In the entries below, begin at the line with "фото thumb №1, S6" and stop after the line with "Townhouse in Damac"; output those lines exactly and omit the pictures.

▸ **Data records**
[Start of section]

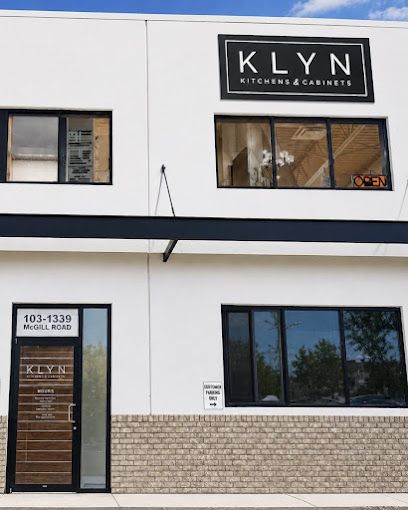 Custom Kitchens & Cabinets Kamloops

[End of section]
[Start of section]

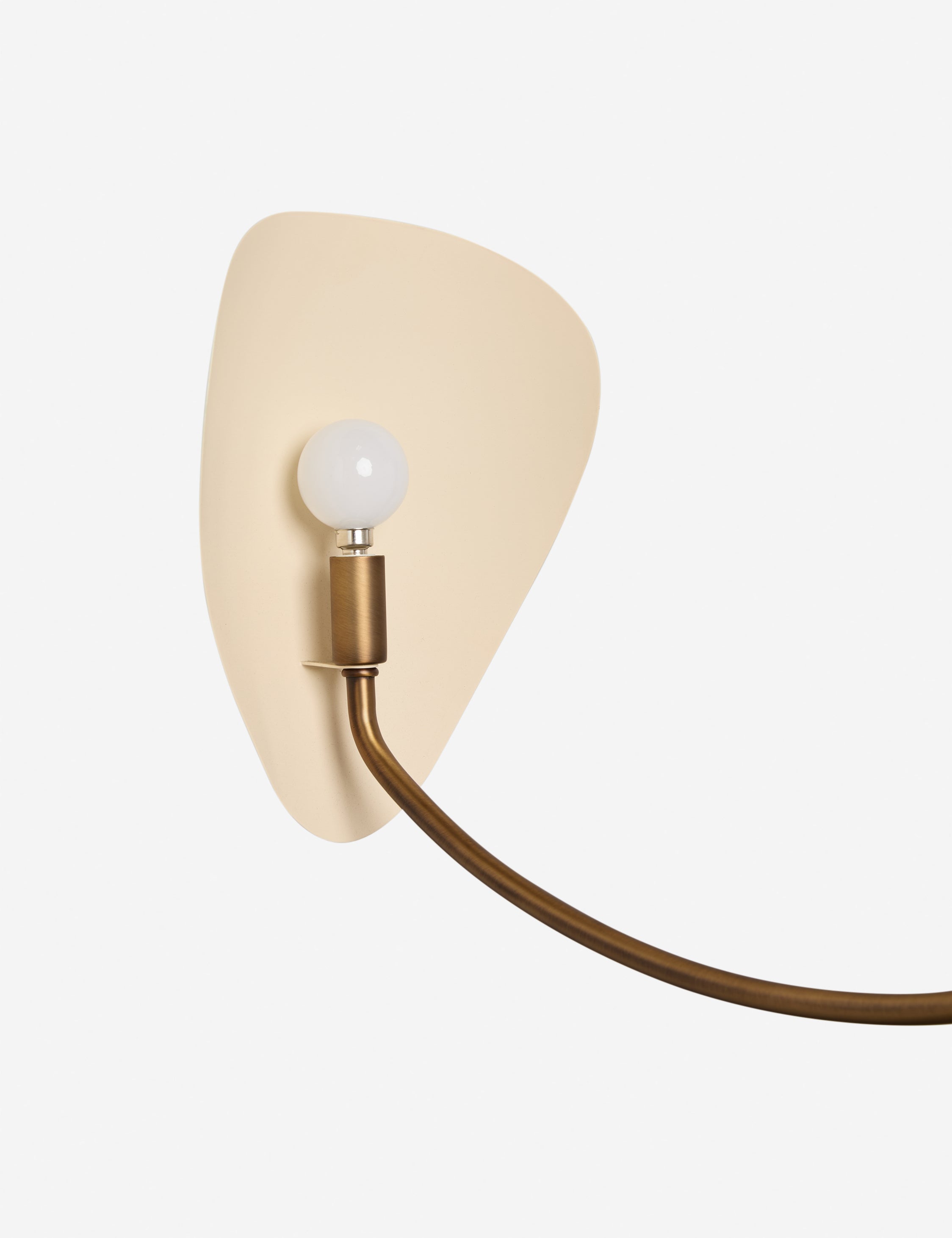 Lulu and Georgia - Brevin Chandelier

[End of section]
[Start of section]

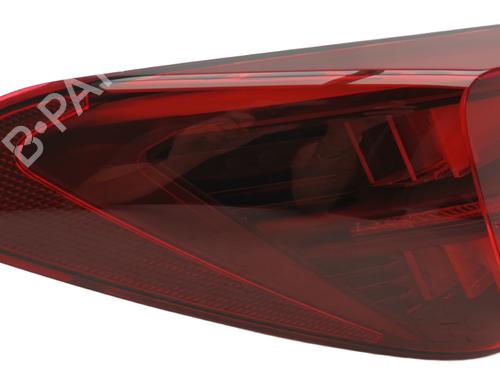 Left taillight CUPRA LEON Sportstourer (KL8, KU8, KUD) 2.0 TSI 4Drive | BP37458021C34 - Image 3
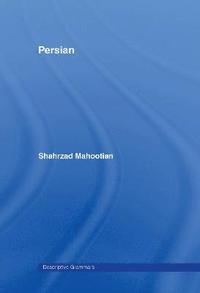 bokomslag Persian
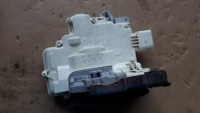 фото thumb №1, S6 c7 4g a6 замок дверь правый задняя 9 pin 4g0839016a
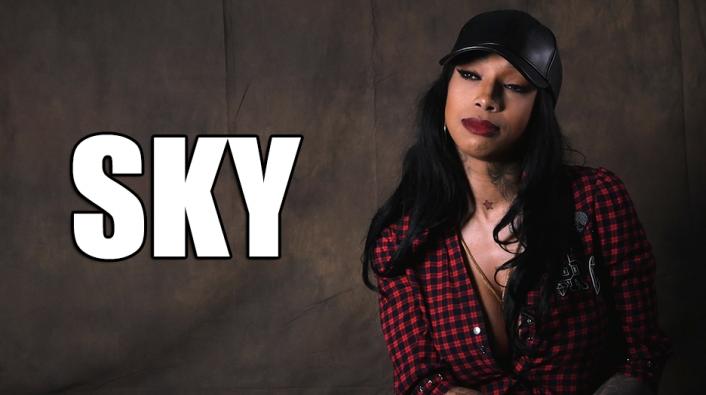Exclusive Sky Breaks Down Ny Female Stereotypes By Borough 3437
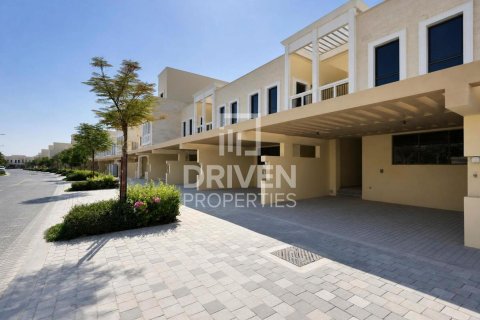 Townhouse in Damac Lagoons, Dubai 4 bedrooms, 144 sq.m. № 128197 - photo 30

[End of section]

▸ **Problem solution**
 фото thumb №1, S6 c7 4g a6 замок дверь правый задняя 9 pin 4g0839016a
Exclusive Sky Breaks Down Ny Female Stereotypes By Borough 3437
 Townhouse in Damac Lagoons, Dubai 4 bedrooms, 144 sq.m. № 128197 - photo 30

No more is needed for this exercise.